HL is co-written by Denis, Jean-Pol Fargeau and Geoff Cox. The shocking erotic sci-fi/horror story is set aboard a self-sustaining spacecraft operated by a rag-tag assortment of multi-racial death-row prisoners, who were sent a few decades ago on a probable suicide mission to explore a black hole, past the solar system, to possibly harvest it for energy for use on Earth. The prisoners (whose crimes are not divulged) had been given a choice of execution or volunteering as guinea pigs for an experimental space mission.

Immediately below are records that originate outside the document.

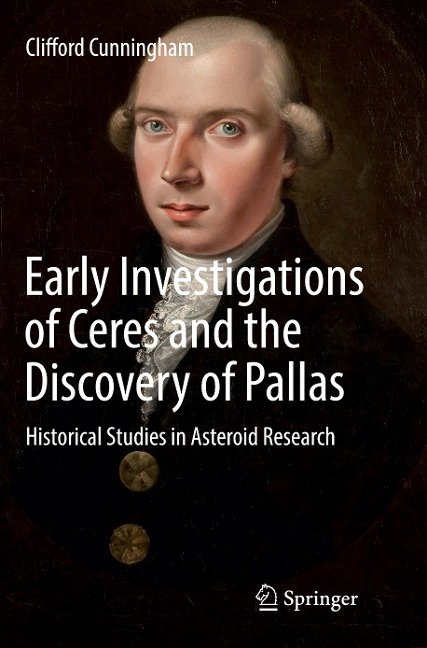 Early Investigations of Ceres and the Discovery of Pallas: Historical Studies in Asteroid Research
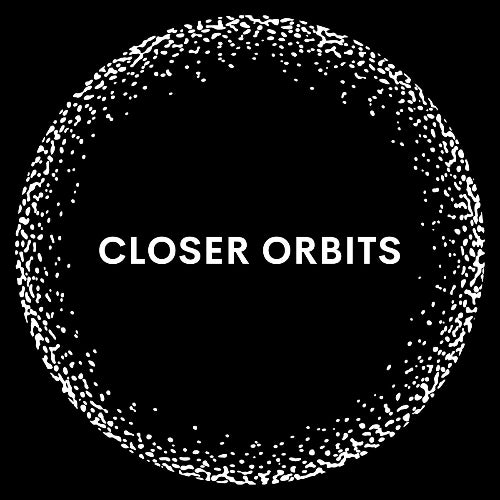 Closer Orbits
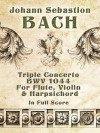 Triple Concerto, BWV 1044, for Flute, Violin and Harpsichord in Full Score - Johann Sebastian Bach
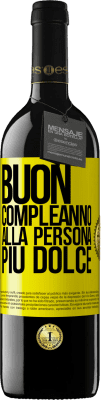 39,95 € Spedizione Gratuita | Vino rosso Edizione RED MBE Riserva Buon compleanno alla persona più dolce Etichetta Gialla. Etichetta personalizzabile Riserva 12 Mesi Raccogliere 2016 Tempranillo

The mission employs a fertility program that has restrictions against sex in order to investigate the thwarted desires of humans when in isolation. The research scientist Dr. Dibs (Juliette Binoche), who is also aboard the death ship and whose violent crimes are made known, takes charge of the experiments. The men are permitted to masturbate in a soundproof metal “fuckbox” chamber, and provide sperm samples to Dibs for evaluation while the women provide the eggs. We soon learn the only mission survivor is a man of few words but lots of heart, the celibate Monte (Robert Pattinson), and, quite possibly, his baby daughter Willow (Scarlett Lindsey, the child of one of Pattinson’s best friends). Earlier we witness Monte send his dead colleagues floating into space, while in their spacesuits. The determined to survive Monte pilots on and performs all his stipulated duties despite no contact with Earth and that it might just be easier dying than going through all this trouble for nothing, as the film veers back and forth from the present to the past and details emerge of the prior space journey. In order to renew life support, Monte must send back a daily report to Earth so life support can be continued. But there’s no guarantee he’s reaching Earth or if there is still a place to receive his messages. One of the prisoner astronauts, Tcherny (Andre Benjamin), who found a home for his humanity in gardening aboard the shuttle, relates that he chose the mission because he at least wanted to do something for humanity before dying.Boyse (Mia Goth) is Willow’s unrepentant mother who is the one likely impregnated with Monte’s sperm through Dr. Dibs.
After many years lost in space, with Monte’s clothes now in tatters, his hair greying and Willow an adolescent, the film comes in for an ambiguous ending. Denis is more concerned with the affects of isolation on her subjects and on their behavior during this period than she is in learning about space travel. It’s that kind of unique space film that could have been shot on Earth, in a science lab, and the results would have still matched what the director was looking for–as she’s more interested in the journey than the destination to nowhere, which might be a metaphor for life on Earth.